The borough assembly has taken the first step toward seeking voter approval for borrowing up to $15 million to pay for long-needed repairs at the Public Safety Building and school buildings.
The assembly last week voted to hold a special meeting Aug. 8 to introduce an ordinance placing the question on the Oct. 4 municipal election ballot. A public hearing on the ordinance would be held Aug. 23.
If approved by voters, work could start in 2024, after the bonds are sold, engineering plans put together, the jobs bid out and contractors selected.
The borough currently owes no debt, having paid off its latest school bonds three years ago.
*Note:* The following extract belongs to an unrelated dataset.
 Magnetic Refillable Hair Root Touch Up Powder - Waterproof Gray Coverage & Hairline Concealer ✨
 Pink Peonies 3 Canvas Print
“We’re really risk adverse,” Borough Finance Director Mason Villarma told the assembly at its July 26 meeting, when members agreed to schedule the special meeting for Aug. 8 to start consideration of the ordinance.
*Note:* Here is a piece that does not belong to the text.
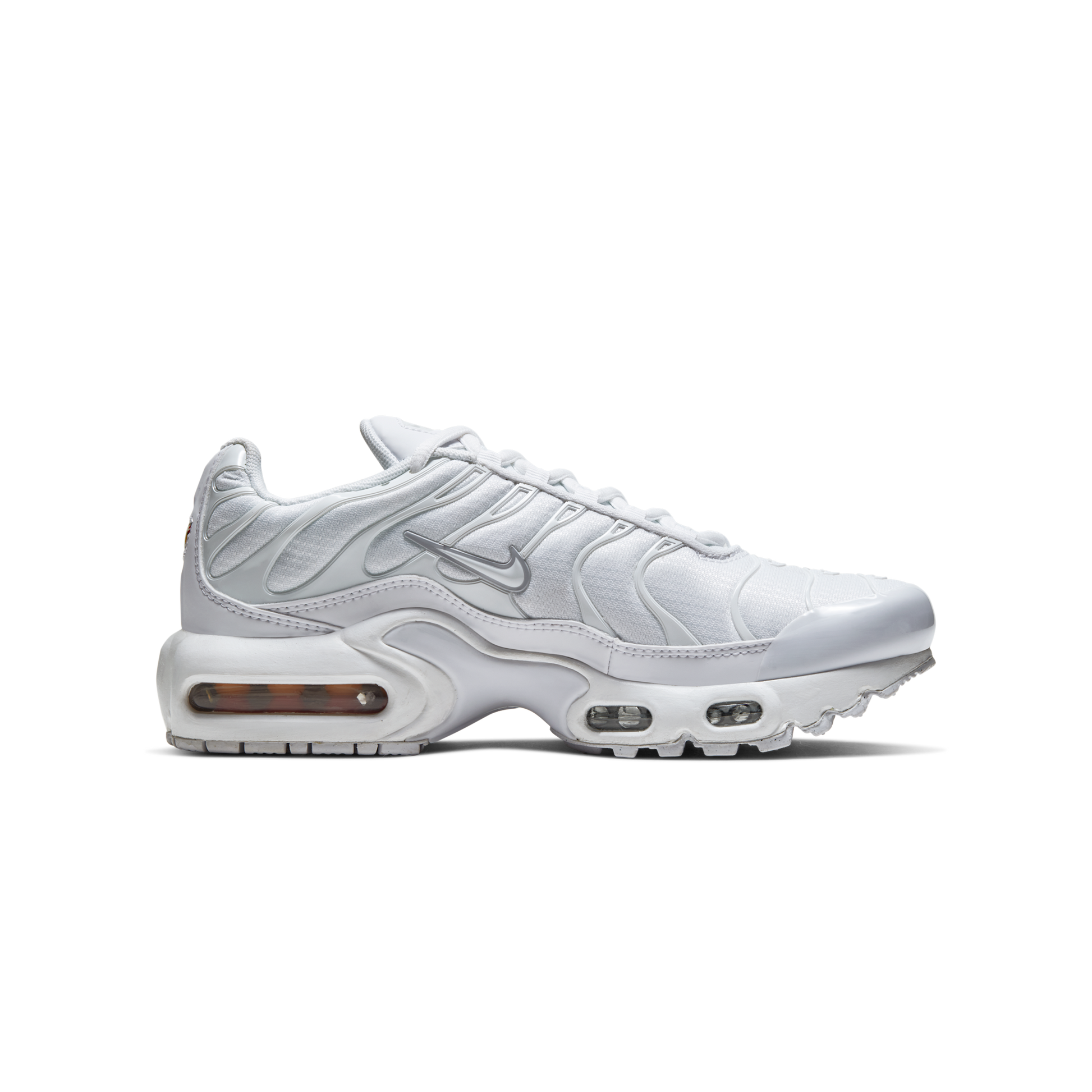 Nike Air Max Plus White Metallic Silver (GS)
“It’s OK for an appropriate amount of debt service,” Villarma told the assembly.
The borough estimates it would pay about 4% interest on the borrowed money. And while that’s higher than last year’s rates, it’s low by traditional measures.
But interest rates are rising on bonds, mortgages, car loans and most everything else. “You’re not going to see interest rates this low on municipal financing for three to five years,” the finance director said.
Bond debt generally is repaid from tax revenues, and assembly members discussed how the public would react to that prospect.
“That’s my quandary,” said Assemblymember Patty Gilbert. “Everybody loves the schools,” she said. Convincing voters to approve debt for repairs to the Public Safety Building will be a harder sell, she said.
Everyone who supports the bonds will have to do “a real good job of selling” the proposal to voters, Gilbert said.
The cost of accumulated repairs at the buildings was inevitable, Mayor Steve Prysunka said. “We have underfunded our maintenance budget.”
The plan presented to the assembly last week — which could be changed before going to voters — would include two separate bond proposals: $10.5 million for the first phase of repairs and rehabilitation to the 35-year-old, water-damaged Public Safety Building, and $4.5 million as the borough’s 35% match on a $12.9 million repair plan for all of the school district’s facilities.
Wrangell will seek $8.4 million for the school work from the state, under the Department of Education’s major maintenance program.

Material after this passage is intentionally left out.